Governance in action
Customer redress provisions: PPI
A significant area of judgment remains the estimation of provisions
to be made for Payment Protection Insurance (PPI) and Interest
Rate Hedging Products (IRHP) customer redress.
Throughout 2013, the Committee continued to exercise scrutiny
over the level of customer redress provisioning, in particular the
provisions for PPI redress. Ahead of approving the half-year results,
with regard to PPI redress the Committee examined a report setting
out the provisions booked and utilised and the balance remaining. It
assessed range-based estimates for future provision utilisation,
likely future costs and potential provision increases, based on
projected volumes of claims, recent trends in claims experience,
uphold rates (i.e., valid claims found in favour of the customer) and
the average amount of redress paid, per policy. The assessment also
factored in the possible impact of proactive mailing campaigns, the
expected costs of referrals to the Financial Ombudsman Service
(FOS) and potential remediation costs associated with issues arising
from historical redress decisions. The impact on assumptions
resulted in a recommendation by management to increase the level
of provisions held by £1.35bn to £3.95bn, which, having examined
the underlying data and discussed the appropriateness of the
increased provision with the external auditor, the Committee
endorsed. The Committee also considered whether the trends in
data supported the assumptions in its review of the interim
management statement for the third quarter of 2013.

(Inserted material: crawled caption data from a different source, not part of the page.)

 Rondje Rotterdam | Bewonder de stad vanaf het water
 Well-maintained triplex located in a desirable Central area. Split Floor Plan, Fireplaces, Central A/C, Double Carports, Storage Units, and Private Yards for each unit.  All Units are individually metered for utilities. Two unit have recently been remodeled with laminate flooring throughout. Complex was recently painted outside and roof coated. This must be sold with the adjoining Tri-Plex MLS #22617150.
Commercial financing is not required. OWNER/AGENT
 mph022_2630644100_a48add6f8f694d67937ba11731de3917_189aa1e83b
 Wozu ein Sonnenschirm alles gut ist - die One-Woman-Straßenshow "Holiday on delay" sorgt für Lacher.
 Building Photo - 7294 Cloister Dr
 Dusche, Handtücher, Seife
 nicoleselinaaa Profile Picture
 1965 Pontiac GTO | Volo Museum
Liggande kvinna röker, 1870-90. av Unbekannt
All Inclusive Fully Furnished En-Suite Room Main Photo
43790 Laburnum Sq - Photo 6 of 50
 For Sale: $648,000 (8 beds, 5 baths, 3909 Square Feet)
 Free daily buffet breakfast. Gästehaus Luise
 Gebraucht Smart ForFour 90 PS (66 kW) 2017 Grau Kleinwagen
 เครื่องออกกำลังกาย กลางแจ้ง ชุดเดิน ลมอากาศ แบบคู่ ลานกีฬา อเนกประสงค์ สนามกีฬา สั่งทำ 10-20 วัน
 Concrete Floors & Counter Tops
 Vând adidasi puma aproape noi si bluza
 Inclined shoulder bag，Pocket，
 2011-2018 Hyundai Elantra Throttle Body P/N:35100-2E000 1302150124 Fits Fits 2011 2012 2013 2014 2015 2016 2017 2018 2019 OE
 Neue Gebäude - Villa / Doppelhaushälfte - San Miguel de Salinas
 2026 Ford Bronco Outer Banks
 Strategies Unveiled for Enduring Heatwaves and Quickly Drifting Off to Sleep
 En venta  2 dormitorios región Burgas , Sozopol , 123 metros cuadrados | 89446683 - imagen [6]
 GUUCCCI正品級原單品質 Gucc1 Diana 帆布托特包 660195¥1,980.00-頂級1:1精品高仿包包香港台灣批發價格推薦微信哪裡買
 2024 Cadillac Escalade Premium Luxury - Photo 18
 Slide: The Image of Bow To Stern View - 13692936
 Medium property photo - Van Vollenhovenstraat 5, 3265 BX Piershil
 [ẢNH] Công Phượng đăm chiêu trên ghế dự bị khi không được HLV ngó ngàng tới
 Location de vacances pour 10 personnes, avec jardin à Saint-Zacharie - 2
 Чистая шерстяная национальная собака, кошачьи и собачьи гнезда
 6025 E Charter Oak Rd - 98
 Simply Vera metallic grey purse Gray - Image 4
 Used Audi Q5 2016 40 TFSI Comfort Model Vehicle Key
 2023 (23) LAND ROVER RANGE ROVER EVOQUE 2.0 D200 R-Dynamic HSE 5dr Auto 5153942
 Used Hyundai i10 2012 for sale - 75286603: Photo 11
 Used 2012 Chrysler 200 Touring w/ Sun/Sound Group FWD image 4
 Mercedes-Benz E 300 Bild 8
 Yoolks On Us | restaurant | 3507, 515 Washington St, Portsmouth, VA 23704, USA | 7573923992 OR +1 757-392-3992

In connection with the 2013 full-year results the Committee
assessed the amount of unutilised provisions against key
assumptions for potential future claims experience, FOS referrals and
remediation costs. It also considered the mix of claims originating
directly from customers and from Claims Management Companies.
Although the flow of claim volumes continues to be unpredictable,
the Committee concluded, based on its examination of the available
information, that no additional provision was required at the 2013
full-year. As part of its review, the Committee also considered the
proposed disclosure of the forecast assumptions used in the
provision calculation and details of the sensitivity analysis performed
on future expected claims, in order to satisfy itself that the
disclosures were open and transparent. Further reviews of PPI claims
experience will be undertaken during 2014 to monitor trends and
ensure that the provision remains appropriate.